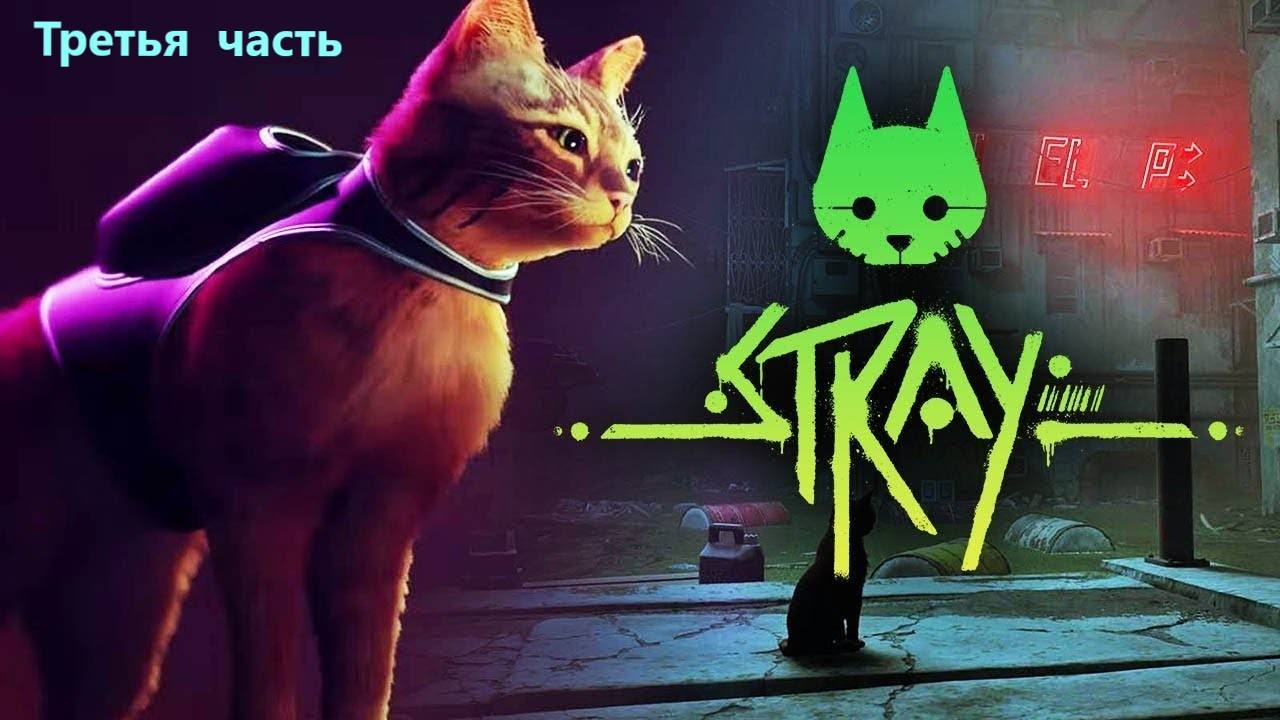 Stray. Часть 3. смотреть онлайн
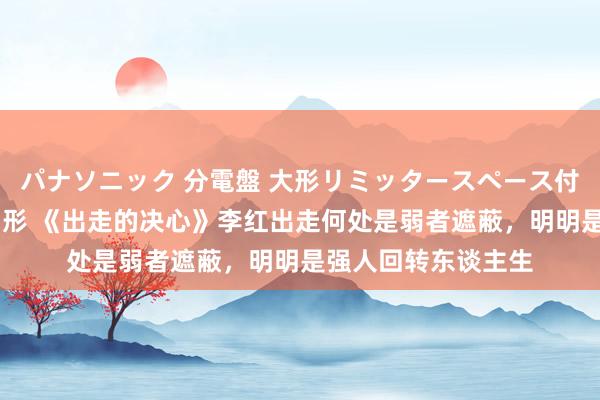 パナソニック 分電盤 大形リミッタースペース付 露出・半埋込両用形 《出走的决心》李红出走何处是弱者遮蔽，明明是强人回转东谈主生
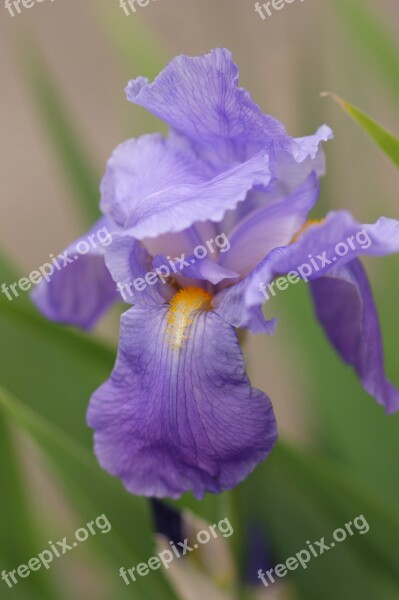 Iris Purple Flower Blossom Bloom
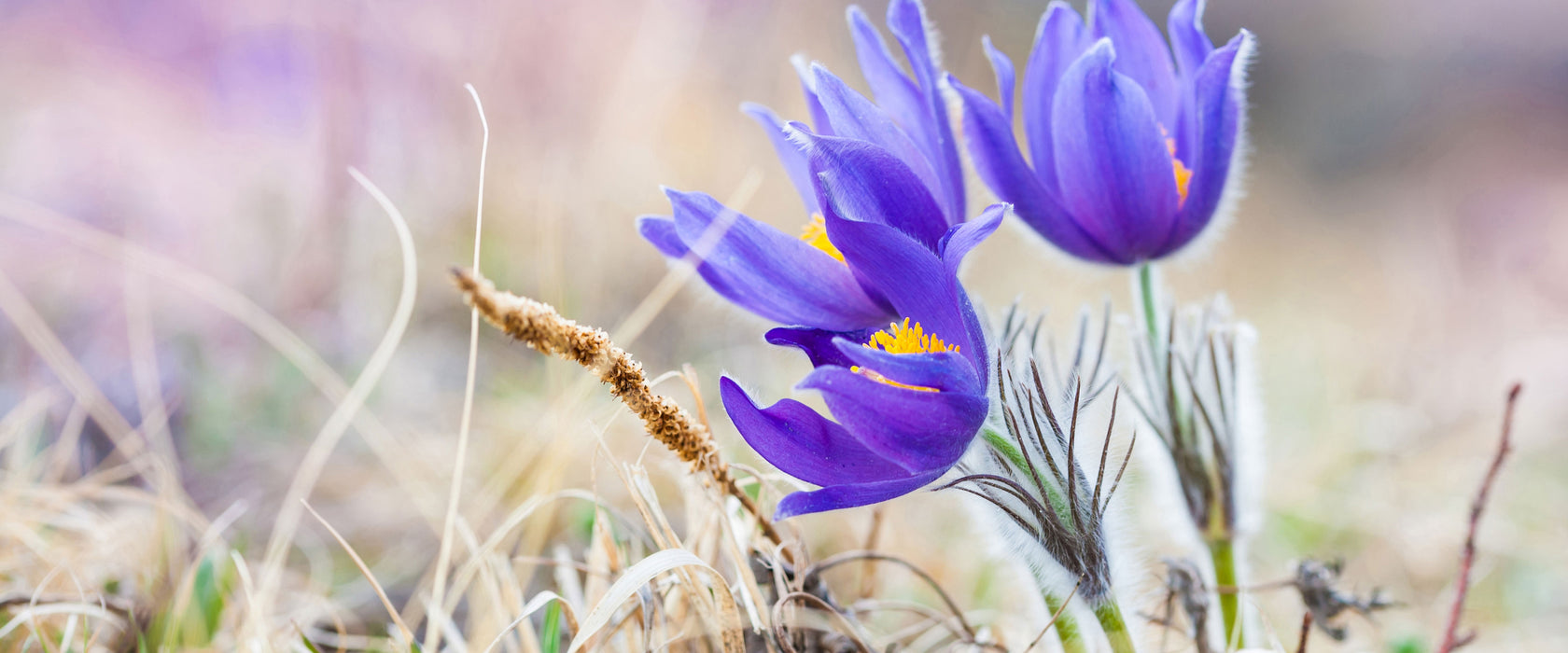 schöne Krokusse, Glasbild Panorama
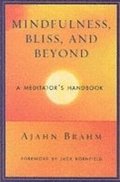 Mindfulness Bliss and Beyond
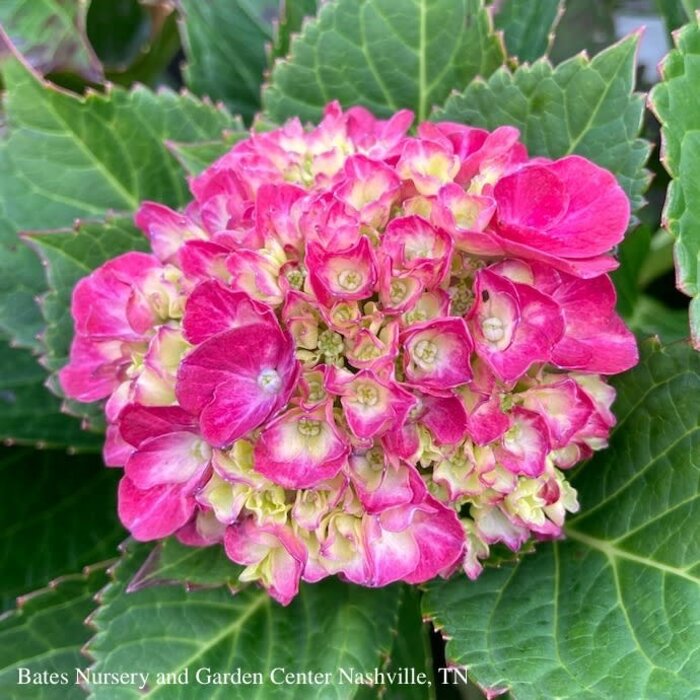 #3 Hydrangea mac Wee Bit Grumpy/ Bigleaf Bright Red to Purple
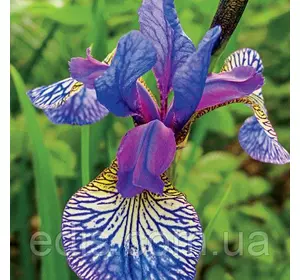 Ірис сибірський Shaker's Prayer Ірис сибірський Shaker's Prayer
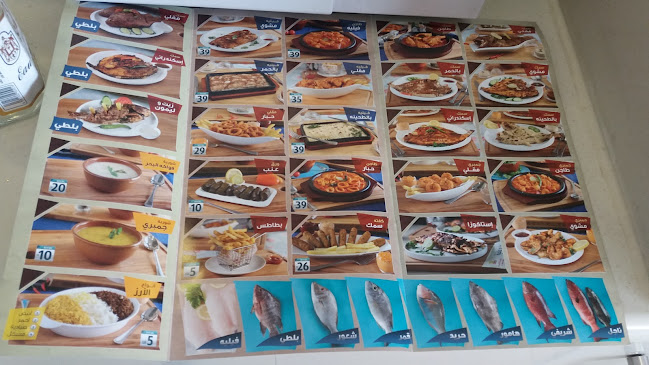 FM2M+Q77، بكر بن الشداخ، مذينب، المدينة المنورة 42364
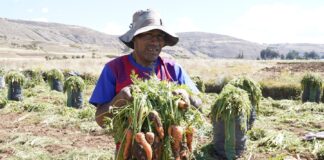 Midagri recomienda diversificar cultivos para fortalecer la agricultura Midagri recomienda a productores de zanahoria diversificar cultivos para fortalecer la agricultura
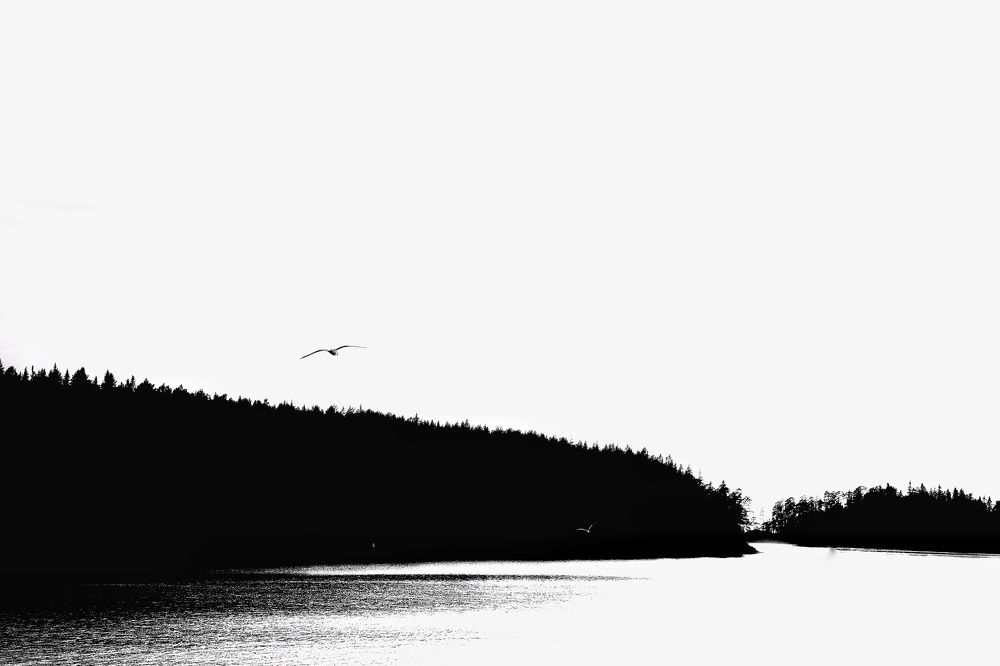 Photograph by Ирина Новицкая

### Exercise goal
Return the material above exactly; the images stay out.

### Result for this exercise
 Stray. Часть 3. смотреть онлайн
 パナソニック 分電盤 大形リミッタースペース付 露出・半埋込両用形 《出走的决心》李红出走何处是弱者遮蔽，明明是强人回转东谈主生
 Iris Purple Flower Blossom Bloom
 schöne Krokusse, Glasbild Panorama
 Mindfulness Bliss and Beyond
 #3 Hydrangea mac Wee Bit Grumpy/ Bigleaf Bright Red to Purple
 Ірис сибірський Shaker's Prayer Ірис сибірський Shaker's Prayer
 FM2M+Q77، بكر بن الشداخ، مذينب، المدينة المنورة 42364
 Midagri recomienda diversificar cultivos para fortalecer la agricultura Midagri recomienda a productores de zanahoria diversificar cultivos para fortalecer la agricultura
 Photograph by Ирина Новицкая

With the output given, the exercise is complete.